Mais tarde, quando os homens passaram a guerrear e raptar fêmeas e espólios de outras tribos, a humanidade abandona o nomadismo e se “sedentariza”; ou seja, fixa-se, marca território, aprisiona animais e inicia plantios. Ainda persiste a poligamia, não apenas no próprio clã, mas com os demais; se antes havia a poliandria (uma mulher, vários homens) prestigia-se a poliginia (um homem, várias mulheres); o cativeiro de animais e a observação que os rebanhos murchavam quando mortos certos animais (“os machos”, mais tarde), leva à ideia experimental, mediata e instintiva de “paternidade”, em milhares de anos, possivelmente no neolítico. Imaginadas paternidade e maternidade surge a noção de“família numerária”, pai, mãe, filho, tio, sobrinho; findo o incesto vertical, a relação sexual entre irmãos ainda há de perdurar algum tempo.

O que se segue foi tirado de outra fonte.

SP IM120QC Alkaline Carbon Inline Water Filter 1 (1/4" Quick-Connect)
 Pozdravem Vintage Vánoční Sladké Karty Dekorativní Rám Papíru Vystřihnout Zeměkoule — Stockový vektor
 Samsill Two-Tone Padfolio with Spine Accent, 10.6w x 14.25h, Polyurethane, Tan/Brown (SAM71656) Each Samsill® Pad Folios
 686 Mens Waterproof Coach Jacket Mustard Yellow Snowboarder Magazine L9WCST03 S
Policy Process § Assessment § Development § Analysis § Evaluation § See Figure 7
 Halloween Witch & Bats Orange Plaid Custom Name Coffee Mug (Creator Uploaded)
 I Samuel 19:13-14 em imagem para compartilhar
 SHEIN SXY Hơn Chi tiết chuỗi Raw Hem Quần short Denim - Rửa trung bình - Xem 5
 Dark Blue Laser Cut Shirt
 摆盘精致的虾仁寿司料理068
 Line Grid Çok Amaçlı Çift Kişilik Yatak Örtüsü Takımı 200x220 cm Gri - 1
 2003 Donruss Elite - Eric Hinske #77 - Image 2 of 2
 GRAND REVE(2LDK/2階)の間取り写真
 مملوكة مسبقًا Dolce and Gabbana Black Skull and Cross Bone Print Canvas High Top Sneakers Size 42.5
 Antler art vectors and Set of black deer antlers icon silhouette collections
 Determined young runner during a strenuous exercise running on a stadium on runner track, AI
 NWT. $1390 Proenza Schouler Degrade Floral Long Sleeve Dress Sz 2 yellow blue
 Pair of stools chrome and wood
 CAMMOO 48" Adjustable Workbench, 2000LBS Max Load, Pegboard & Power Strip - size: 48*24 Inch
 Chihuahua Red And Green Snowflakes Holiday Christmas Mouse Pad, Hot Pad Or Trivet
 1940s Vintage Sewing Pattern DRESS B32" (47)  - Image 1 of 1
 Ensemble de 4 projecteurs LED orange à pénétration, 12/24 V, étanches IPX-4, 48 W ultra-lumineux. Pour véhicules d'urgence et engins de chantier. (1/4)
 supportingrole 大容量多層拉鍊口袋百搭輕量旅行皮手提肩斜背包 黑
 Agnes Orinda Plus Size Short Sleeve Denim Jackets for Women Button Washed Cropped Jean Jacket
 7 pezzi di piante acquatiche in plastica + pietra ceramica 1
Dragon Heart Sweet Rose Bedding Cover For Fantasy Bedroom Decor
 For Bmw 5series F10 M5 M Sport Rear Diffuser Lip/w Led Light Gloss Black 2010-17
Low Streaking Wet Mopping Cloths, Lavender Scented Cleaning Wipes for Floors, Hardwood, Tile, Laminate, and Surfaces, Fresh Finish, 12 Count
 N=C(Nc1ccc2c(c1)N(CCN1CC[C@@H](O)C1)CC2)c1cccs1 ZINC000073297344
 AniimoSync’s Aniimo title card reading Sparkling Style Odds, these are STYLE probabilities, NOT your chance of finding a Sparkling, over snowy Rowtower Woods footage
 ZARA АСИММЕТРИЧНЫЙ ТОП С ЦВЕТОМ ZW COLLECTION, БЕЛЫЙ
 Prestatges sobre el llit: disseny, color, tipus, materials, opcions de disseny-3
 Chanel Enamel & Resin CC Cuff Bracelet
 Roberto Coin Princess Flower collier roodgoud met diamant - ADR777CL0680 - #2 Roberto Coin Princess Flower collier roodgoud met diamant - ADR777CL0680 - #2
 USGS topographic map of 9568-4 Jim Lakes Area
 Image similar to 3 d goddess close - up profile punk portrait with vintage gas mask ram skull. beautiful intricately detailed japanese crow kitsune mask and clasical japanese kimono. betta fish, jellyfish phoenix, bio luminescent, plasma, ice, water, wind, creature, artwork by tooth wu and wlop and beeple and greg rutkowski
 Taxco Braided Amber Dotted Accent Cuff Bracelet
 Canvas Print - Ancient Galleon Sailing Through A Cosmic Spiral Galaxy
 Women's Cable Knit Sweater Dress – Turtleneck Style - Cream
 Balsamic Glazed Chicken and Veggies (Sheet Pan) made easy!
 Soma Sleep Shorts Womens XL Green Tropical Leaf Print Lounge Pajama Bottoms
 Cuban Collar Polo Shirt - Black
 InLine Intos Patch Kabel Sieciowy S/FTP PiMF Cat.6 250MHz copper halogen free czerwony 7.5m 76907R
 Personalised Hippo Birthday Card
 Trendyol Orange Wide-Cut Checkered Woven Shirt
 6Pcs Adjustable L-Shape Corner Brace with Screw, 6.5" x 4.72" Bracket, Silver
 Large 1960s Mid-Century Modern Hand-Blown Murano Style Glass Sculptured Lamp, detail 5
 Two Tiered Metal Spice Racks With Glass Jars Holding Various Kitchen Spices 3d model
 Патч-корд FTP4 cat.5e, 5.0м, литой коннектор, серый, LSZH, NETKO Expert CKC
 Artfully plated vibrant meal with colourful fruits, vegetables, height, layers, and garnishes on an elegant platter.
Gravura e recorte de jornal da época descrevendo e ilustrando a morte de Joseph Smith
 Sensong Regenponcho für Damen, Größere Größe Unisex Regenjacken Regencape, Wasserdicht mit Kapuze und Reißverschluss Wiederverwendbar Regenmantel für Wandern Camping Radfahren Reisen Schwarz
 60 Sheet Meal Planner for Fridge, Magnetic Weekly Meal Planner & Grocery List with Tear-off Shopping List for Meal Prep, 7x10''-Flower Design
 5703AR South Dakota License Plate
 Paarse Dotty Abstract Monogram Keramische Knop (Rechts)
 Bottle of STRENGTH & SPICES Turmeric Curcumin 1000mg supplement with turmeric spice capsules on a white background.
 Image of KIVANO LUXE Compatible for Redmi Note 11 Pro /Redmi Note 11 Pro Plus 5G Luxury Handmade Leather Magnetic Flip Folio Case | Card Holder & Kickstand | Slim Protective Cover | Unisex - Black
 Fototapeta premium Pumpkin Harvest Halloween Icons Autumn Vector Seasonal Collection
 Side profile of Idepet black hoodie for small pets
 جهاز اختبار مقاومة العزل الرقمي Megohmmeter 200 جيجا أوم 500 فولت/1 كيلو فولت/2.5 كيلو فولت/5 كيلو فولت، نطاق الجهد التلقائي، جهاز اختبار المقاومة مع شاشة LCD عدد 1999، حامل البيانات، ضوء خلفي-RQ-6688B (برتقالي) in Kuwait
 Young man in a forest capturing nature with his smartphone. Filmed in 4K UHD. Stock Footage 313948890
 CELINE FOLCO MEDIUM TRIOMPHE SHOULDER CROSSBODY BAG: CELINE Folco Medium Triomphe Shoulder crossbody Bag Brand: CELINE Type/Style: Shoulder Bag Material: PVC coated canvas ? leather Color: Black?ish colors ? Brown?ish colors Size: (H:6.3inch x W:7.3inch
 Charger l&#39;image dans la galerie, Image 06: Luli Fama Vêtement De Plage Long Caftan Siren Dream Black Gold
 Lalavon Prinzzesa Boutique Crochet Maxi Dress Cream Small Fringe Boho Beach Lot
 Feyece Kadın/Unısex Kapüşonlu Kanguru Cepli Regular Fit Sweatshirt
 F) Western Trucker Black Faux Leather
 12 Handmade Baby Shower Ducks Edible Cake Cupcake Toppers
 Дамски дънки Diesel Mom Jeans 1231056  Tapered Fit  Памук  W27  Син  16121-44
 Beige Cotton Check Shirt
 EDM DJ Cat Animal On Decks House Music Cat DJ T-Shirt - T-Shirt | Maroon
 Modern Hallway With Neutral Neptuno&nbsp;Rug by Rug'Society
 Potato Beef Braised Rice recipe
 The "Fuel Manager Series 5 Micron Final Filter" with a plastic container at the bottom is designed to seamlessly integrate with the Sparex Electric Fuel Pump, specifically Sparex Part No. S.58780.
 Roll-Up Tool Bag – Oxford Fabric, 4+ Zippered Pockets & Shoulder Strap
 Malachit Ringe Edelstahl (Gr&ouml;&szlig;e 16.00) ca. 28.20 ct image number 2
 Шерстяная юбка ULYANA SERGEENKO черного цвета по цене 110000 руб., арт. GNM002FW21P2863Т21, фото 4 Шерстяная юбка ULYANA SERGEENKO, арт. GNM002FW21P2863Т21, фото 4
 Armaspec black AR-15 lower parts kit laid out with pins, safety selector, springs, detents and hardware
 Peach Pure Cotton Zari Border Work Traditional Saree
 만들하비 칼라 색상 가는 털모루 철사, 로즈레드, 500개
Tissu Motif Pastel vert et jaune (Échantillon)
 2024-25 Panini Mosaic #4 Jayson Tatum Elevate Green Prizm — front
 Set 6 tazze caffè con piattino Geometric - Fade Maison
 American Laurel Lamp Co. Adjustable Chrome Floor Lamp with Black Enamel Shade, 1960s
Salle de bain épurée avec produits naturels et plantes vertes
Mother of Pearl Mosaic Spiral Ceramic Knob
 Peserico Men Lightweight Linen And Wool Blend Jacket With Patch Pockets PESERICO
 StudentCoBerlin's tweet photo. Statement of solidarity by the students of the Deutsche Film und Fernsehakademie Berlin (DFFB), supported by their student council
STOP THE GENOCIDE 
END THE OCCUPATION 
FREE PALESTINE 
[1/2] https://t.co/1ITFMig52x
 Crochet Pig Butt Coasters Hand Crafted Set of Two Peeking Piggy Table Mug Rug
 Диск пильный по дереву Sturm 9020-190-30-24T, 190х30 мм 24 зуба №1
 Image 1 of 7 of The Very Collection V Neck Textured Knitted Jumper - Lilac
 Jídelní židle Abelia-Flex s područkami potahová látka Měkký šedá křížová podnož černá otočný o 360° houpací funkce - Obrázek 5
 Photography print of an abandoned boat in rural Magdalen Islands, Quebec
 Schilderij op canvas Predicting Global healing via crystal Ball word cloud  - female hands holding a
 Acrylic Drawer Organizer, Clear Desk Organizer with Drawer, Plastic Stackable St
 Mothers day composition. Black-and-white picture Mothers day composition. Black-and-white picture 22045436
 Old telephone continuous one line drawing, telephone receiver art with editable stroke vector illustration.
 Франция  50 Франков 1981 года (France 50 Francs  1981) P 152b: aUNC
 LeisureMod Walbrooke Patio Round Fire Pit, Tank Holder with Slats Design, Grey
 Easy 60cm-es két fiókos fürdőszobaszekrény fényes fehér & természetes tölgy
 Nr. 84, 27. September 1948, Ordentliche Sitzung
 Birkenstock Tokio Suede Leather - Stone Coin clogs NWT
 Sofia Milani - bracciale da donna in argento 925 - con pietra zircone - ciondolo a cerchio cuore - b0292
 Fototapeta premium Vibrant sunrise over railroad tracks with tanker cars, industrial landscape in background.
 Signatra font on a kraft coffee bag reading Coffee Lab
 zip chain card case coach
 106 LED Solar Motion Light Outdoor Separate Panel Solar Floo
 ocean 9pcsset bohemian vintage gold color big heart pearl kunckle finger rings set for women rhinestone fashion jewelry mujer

É fase de domínio masculino (“chefe”), começo do patriarcalismo, em que o homem “entende” a importância dos bens e coisas, que entesoura e lhe pertence como pessoal, acumulado sem seu espaço, cercado em relação aos demais: é a “propriedade privada (bens e pessoas)”.

A sucessão passa a ocorrer pela linha masculina somente beneficiando aos filhos (patrilinearidade); ora, então se apenas os filhos homens herdam, é necessário ter “certeza” que tais descendentes vêm de seu sêmen naquela mulher com quem conviva; mais que “única”, é preciso que ela seja “leal” e “exclusiva”, e assim surge a “monogamia” e o “dever de fidelidade”.

Para Engels e outros antropólogos, a origem do princípio da monogamia tem vínculo umbilical com a noção de propriedade privada, não se baseia em condições naturais, mas econômicas e no triunfo da propriedade individual sobre a propriedade comum primitiva, incorporando-se aos códigos mais tarde, estando ausente ainda em nativos e povos reclusos. Os gregos, aliás, proclamavam que os objetivos da monogamia eram a preponderância do homem na família e a procriação de filhos seus para herdar.

 

Fonte: Engels, Friedrich. A origem da família, da propriedade privada e do Estado. Editora Vitória, 1964.